Design and Implementation

Blueprint Interface

The RosettaRemodel protocol uses a simple interface, the blueprint, and a number of run-time switches to mediate various protein modeling tasks. Examples from blueprint files for different tasks are shown in Figure 2; each example will be addressed in the text below. A blueprint file handles backbone building, sidechain design, disulfide pairing, and at-build-time constraint assignments if needed. Its layout allows one to easily understand all the operations done to a structure. In a column layout, each line in the blueprint represents a residue in a structure. For backbone remodeling, residues can change their secondary structure, be deleted, or be created according to blueprint assignments. For sidechain perturbations, the blueprint allows all the operations in RosettaDesign.
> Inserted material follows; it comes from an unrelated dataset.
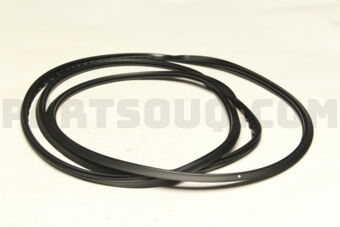 Nissan 79752AA000 MLDG-BACK WDW,U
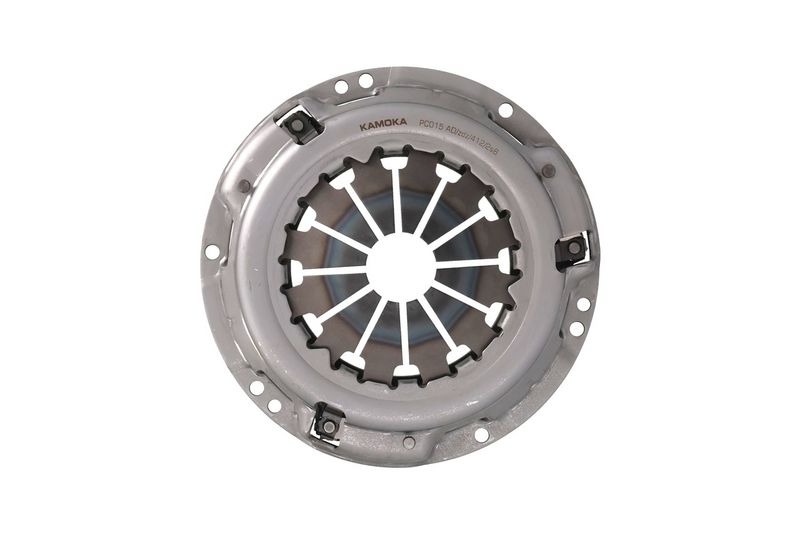 Sidurisurveplaat, KAMOKA PC015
With these features, RosettaRemodel in most cases will only need a blueprint and a starting PDB file to carry out design tasks that involve the backbone, sidechains, or both.

Setting up RosettaRemodel

RosettaRemodel takes an input PDB file (-in:file:s) and a blueprint file (-remodel:blueprint) to carry out most of its functions. Although not required, it is recommended that the residues in the PDB file be renumbered starting from one before creating a corresponding blueprint file. Due to the layout in columns in the blueprint file, using editors that allow text column manipulation, such as vi [38], makes setting up remodeling a relatively simple task.

Sequence Design

When only sidechain design commands are given in the blueprint file, RosettaRemodel handles fixed-backbone design in a similar manner as RosettaDesign. Sidechain mutations or rotamer re-sampling can be achieved using all the commands available to a RosettaDesign resfile, such as PIKAA, ALLAA, APOLAR, EX1, EX2, etc. For an example see Figure 2, section 1. However, when accompanied by RosettaRemodel specific flags: -find_neighbors and -design_neighbors, neighboring residues will be automatically selected following RosettaRemodel specifications (6 Å). With -find_neighbors alone, neighboring residues will be repacked without altering their amino acid identity; in combination with -design_neighbors, all these positions will be designed for the most suitable amino acid. Due to the stochastic Monte Carlo process used in sidechain selections, normally one would create multiple design runs to ensure convergence in the search process. With RosettaRemodel, this step can be customized by setting the number of trajectories to try (-num_trajectory) and the number of lowest energy models to output (-save_top), so that a reasonable amount of Monte Carlo sampling can be carried out but only the few decoys with lowest energies will be output. This principle is used for all RosettaRemodel builds – flexible or fixed backbone – as RosettaRemodel internally screens structures during a trajectory by their energies.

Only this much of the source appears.